Sexual coercion: Time to rise to the challenge

T S Sathyanarayana Rao 1,, Mehak Nagpal 1, Chittaranjan Andrade 1
PMCID: PMC3777339  PMID: 24082238

Much has been said, discussed, and reported in the media in the wake of the December 16, 2012, Delhi rape and murder incident, and a myriad other incidents of sexual crime in the country. It is therefore important for mental health professionals to re-examine psychosocial issues related to sexual coercion in the context of the current public debates on the subject.

Sexual coercion is the act of being physically, psychologically, financially or otherwise forced or tricked into engaging in sexual activity; victims are most commonly women and children. Women run the risk of sexual abuse and violence across their whole life span. The risk of partner violence and rape, including dating violence and domestic violence; begins in late adolescence, peaks by middle age, and may even continue in the elderly. These acts are not a distinct phenomena and have a degree of overlap that can be viewed along a continuum of sexual violence as they have common causes and methods of prevention.[1,2]

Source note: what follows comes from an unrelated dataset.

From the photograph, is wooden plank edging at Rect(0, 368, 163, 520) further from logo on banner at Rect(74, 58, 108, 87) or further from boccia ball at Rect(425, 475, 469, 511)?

It is commonly believed that sexual coercion is perpetrated by the male sex against the female sex. However, this gender effect is less pronounced in child sexual abuse where women represent a large proportion of perpetrators and children of both sexes are subjected to sexual advances from adolescents and adults. Childhood sexual abuse includes three important elements: (1) Age and size difference between the child and perpetrator; (2) presence of sexual behaviors such as nudity, fondling, and penetration; and (3) gratification to the perpetrator.[3,4]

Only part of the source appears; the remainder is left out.